Crawled caption data:
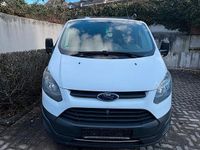Gebraucht Ford Transit 104 PS (76 kW) 2017 Weiß Van / Kleinbus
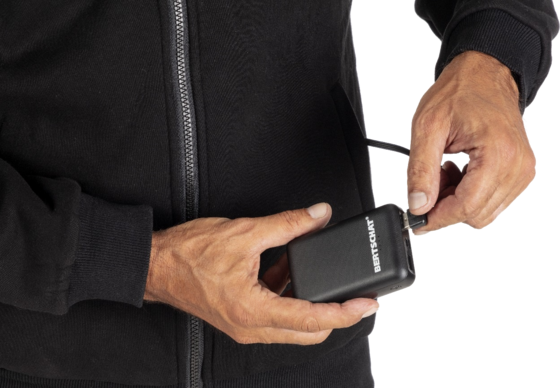 BERTSCHAT PRO - Dual Heating på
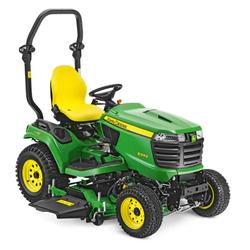 JOHN DEERE X949 Signature 4-py&ouml;r&auml;ohjaus, 9580DM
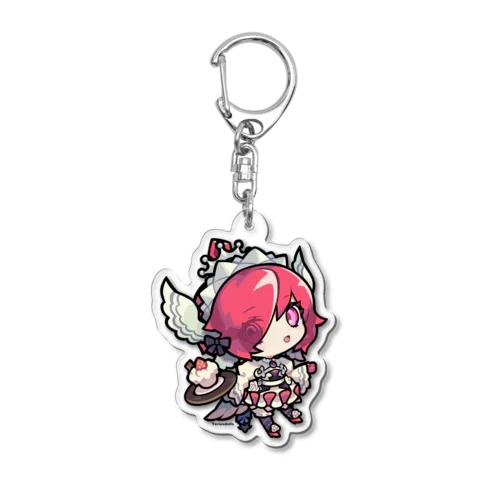 Teriosdolls－ルビー－ Acrylic Key Chain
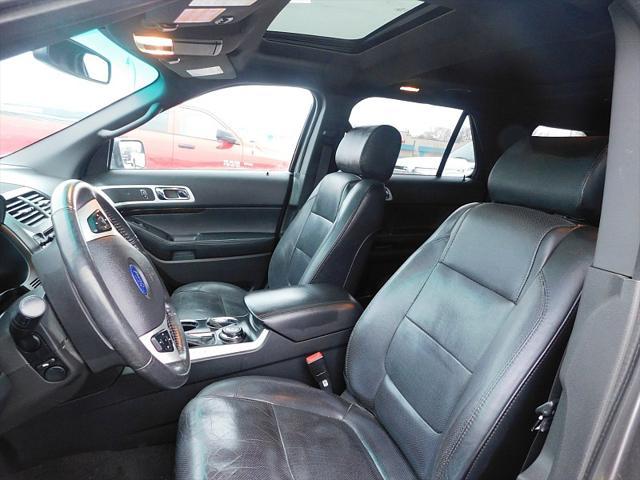 used 2013 Ford Explorer car, priced at $13,888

(TASK GOAL): Apart from the images, every line above is to be given again exactly.

(RESULT OF THE EXERCISE):
Gebraucht Ford Transit 104 PS (76 kW) 2017 Weiß Van / Kleinbus
 BERTSCHAT PRO - Dual Heating på
 JOHN DEERE X949 Signature 4-py&ouml;r&auml;ohjaus, 9580DM
 Teriosdolls－ルビー－ Acrylic Key Chain
 used 2013 Ford Explorer car, priced at $13,888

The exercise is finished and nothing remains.